Much of Gathering was inspired by the sense of anxiety that comes with living in Trump's America. He says the malignancy of his presidency is deeply entrenched - and growing.

"He's causing so much damage and it's all pervading," he says. "After the election, we hung up a banner outside our house that said in three languages 'No matter where you're from, we're glad you're our neighbour' and we had it up for a little bit and then someone complained and we were forced to take it down or pay a $10,000 fine.

"I don't think I've ever really known hatred, but now you see it in people and it's frightening," he says. "And there's so much stuff that happens every day that it's impossible to keep up. He's not even in the presidency a year, and there's very little to be encouraged about."

Ritter believes musicians should not shirk from tackling big, contemporary subjects.

"It's important to capture the moment and that's a way of dealing with it. I guess I distrust a lot of protest songs because usually I find them preachy and not very well done, and they expire quickly. But I do think the great classic albums and the great music have always been able to capture a moment in amber."

Despite the unsettling world of 2017, Ritter insists his personal life is happier than it's ever has been. He and his partner have a four-year-old daughter, Beatrix, and he says he loves being a father. He took some time off the road in her toddler years and has no regrets - after all, this 40-year-old had been touring since his very early twenties.

Ritter released a self-titled debut album in 1999 and spent a great deal of the next few years honing his live craft in Ireland. His second album, The Golden Age of Radio, was much loved on its release here and for a while it felt as though he was part of the furniture of the Irish singer-songwriter scene. Ritter is friendly with several of the homegrown musicians who cut their teeth in the 1990s, including Glen Hansard, and says this country will always hold a special place in his affections.

"It feels Iike coming home, in a way," he says. "I got to know a lot of Irish people, and all those shows, right around the country, helped me to improve. It was a very inspiring time. And there are so many memories - all those great concerts and people, and little things like trying to order a vegetarian sandwich at 2am in a gas station in Drogheda."

He has been prolific, averaging an album every other year.

"I dread to think of a day if, or when, that spark to create wanes," he says. "I still feel very grateful to be able to do this as my profession, but you can't get complacent. So much can change."

There's been enormous change during his time in the music industry, including the huge decline in the sale of albums. But Ritter is keen to look to the positives.

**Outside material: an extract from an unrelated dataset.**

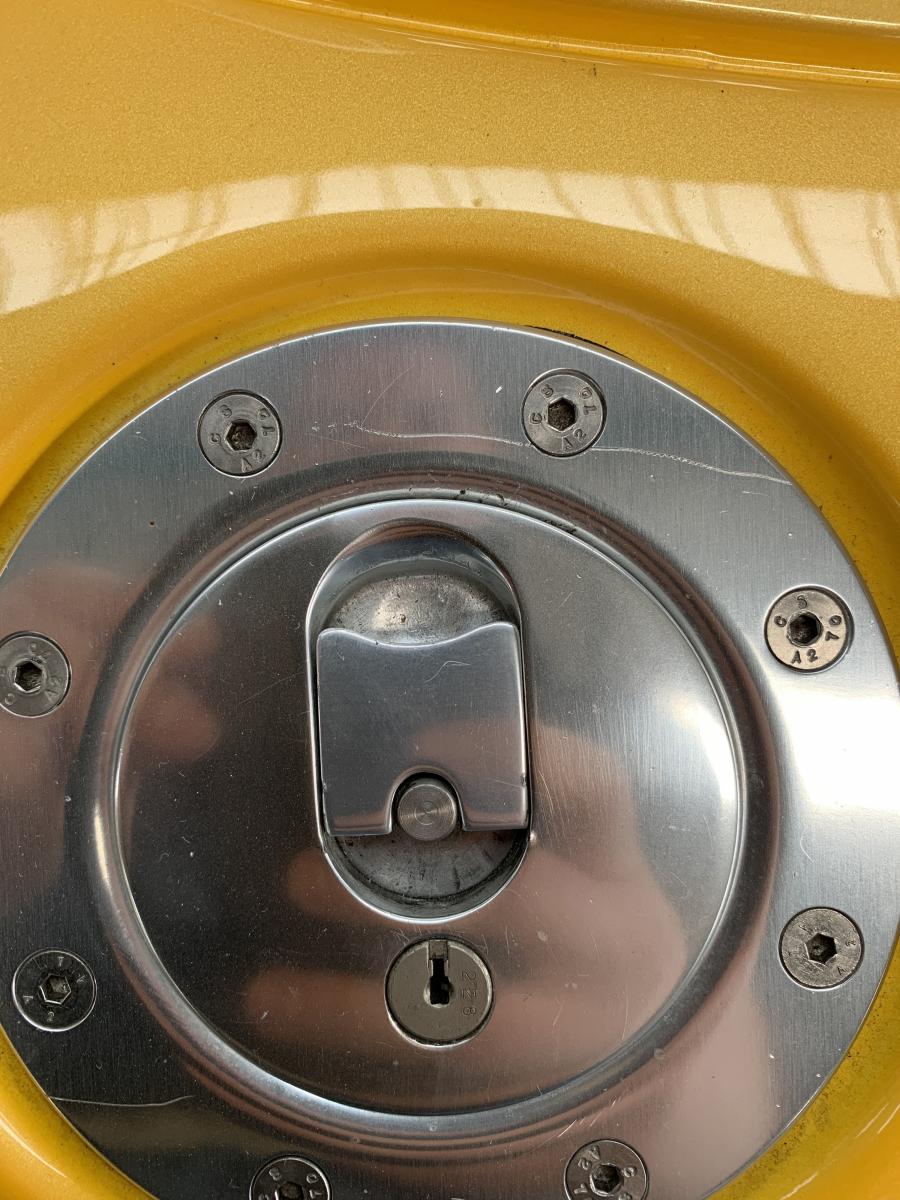 Детали экстерьера Renault Sport Spider 1996 года  (фото 17 из 22)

"Technology allows us to do so much," he says, pointing to the iPhone recording the conversation. "It would be possible to record something now, and have it out there in the world so everyone could hear it within 10 minutes. It's helped to make music more democratic - you don't need to have lots of money for studios and so on. If you've got talent, there's a chance you can find an audience."

Ritter's talents extend beyond music. His debut novel, Bright's Passage, was critically acclaimed on publication in 2011 and he says he has completed first drafts on two "nutso" books. And, yet, he admits it's difficult to juggle the business of being a busy musician on the road - and a father of a young daughter - with the requirements for sustained periods of work to get the next book done.

His partner, Haley Tanner, knows all about the challenges of delivering a follow-up book. She has also enjoyed glowing reports for her first, and to date only novel, Vaclav & Lena. Ritter jokes that it's good that both are creative - they understand each other's artistic motivations.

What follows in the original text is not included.